SQL: Row identifier as a pseudo-column

Open philrz opened this issue 8 months ago • 0 comments

Many SQL databases have the concept of a numeric "row identifier" that is always available on persistent tables as a pseudo/hidden column. It comes with caveats so it may not be a priority for SuperDB to support it, but may be worth consideration since some SQL users may be accustomed to having it available.

Details

At the time this issue is being opened, super is at commit cabf51f.

The concept of a "ROWID Pseudocolumn" was allegedly first introduced by Oracle. It's present in other popular open source SQL implementations such as DuckDB, where I happened to bump into it in one of their sqllogictests.

Starting with input data.csv:

a
"foo"
"bar"
"baz"

The value is available in DuckDB as rowid. Even as the row order changes, the value is stable within the transaction.

$ duckdb my.db
DuckDB v1.3.0 (Ossivalis) 71c5c07cdd
Enter ".help" for usage hints.

D CREATE TABLE foo AS SELECT * FROM read_csv('data.csv');

D SELECT rowid,a FROM foo;
┌───────┬─────────┐
│ rowid │    a    │
│ int64 │ varchar │
├───────┼─────────┤
│     0 │ foo     │
│     1 │ bar     │
│     2 │ baz     │
└───────┴─────────┘

D SELECT rowid,a FROM foo ORDER BY a;;
┌───────┬─────────┐
│ rowid │    a    │
│ int64 │ varchar │
├───────┼─────────┤
│     1 │ bar     │
│     2 │ baz     │
│     0 │ foo     │
└───────┴─────────┘

Note however that it's only available on persistent tables. E.g., this doesn't work when querying directly from a CSV file.

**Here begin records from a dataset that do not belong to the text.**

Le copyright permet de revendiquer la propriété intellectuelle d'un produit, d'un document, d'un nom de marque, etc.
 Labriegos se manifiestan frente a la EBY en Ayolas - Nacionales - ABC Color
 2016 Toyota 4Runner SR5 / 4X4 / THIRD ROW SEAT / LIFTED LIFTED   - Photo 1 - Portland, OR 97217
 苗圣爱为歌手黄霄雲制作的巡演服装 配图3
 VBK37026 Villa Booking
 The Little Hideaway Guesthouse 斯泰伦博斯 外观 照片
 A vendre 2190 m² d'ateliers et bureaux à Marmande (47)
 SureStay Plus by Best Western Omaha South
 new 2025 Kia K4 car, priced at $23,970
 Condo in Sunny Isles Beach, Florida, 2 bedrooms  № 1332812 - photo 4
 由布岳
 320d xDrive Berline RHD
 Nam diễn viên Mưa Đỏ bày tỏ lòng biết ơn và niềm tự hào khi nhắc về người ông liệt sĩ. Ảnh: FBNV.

$ duckdb -c "SELECT rowid,a FROM 'data.csv';"
Binder Error:
Referenced column "rowid" not found in FROM clause!
Candidate bindings: "a"

LINE 1: SELECT rowid,a FROM 'data.csv';
               ^

Something similar is available in Postgres, but there's it's called ctid. Note that their numbering happens to start from 1 while DuckDB's started from 0. SQL be SQLin'!

$ psql postgres
psql (17.5 (Homebrew))
Type "help" for help.

postgres=# SELECT ctid,a FROM foo;
 ctid  |  a  
-------+-----
 (0,1) | foo
 (0,2) | bar
 (0,3) | baz
(3 rows)

postgres=# SELECT ctid,a FROM foo ORDER BY foo;
 ctid  |  a  
-------+-----
 (0,2) | bar
 (0,3) | baz
 (0,1) | foo
(3 rows)

The docs for all these systems advise against treating it like a primary key since it can change due to operations like INSERT, DELETE, and VACUUM. But no doubt for simple load & query operations it could be quite handy.

Jun 17 '25 20:06 philrz